Plan of 1937 rebuild

HMS Elizabeth was a 70-gun third rate ship of the line of the Royal Navy, built at Woolwich Dockyard and launched on 1 August 1706.

On 4 September 1733 orders were issued directing Elizabeth to be taken to pieces and rebuilt according to the 1733 proposals of the 1719 Establishment at Chatham, from where she was relaunched on 29 November 1737.
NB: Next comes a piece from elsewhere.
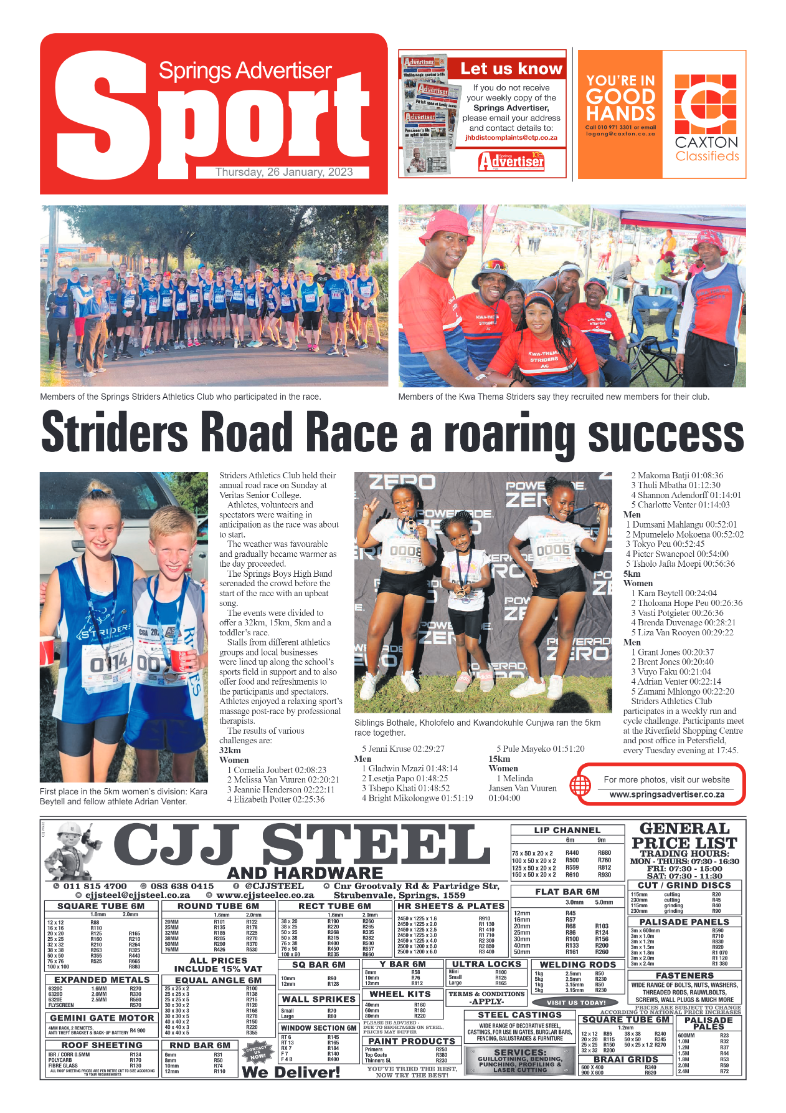 Springs Advertiser 26 January 2023 page 18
From beginning 1758 to the latter end of 1764, william Nichelson, was her captain commisissioned to sail to and from India, for the purpose of charting or adding to charts navigation detail. The results of which appeared in several books, not least William Nichelson's Voyage to the East Indies, in His Majesty's Ship Elizabeth, Published in the Year 1765, and A new directory for the East-Indies, published in book form 1791. In 1763 Nichelson (who also served as the Superintendent of the Royal Navy in Bombay) also extensively charted Bombay Harbour.

Elizabeth continued to serve until 1766, when she was broken up.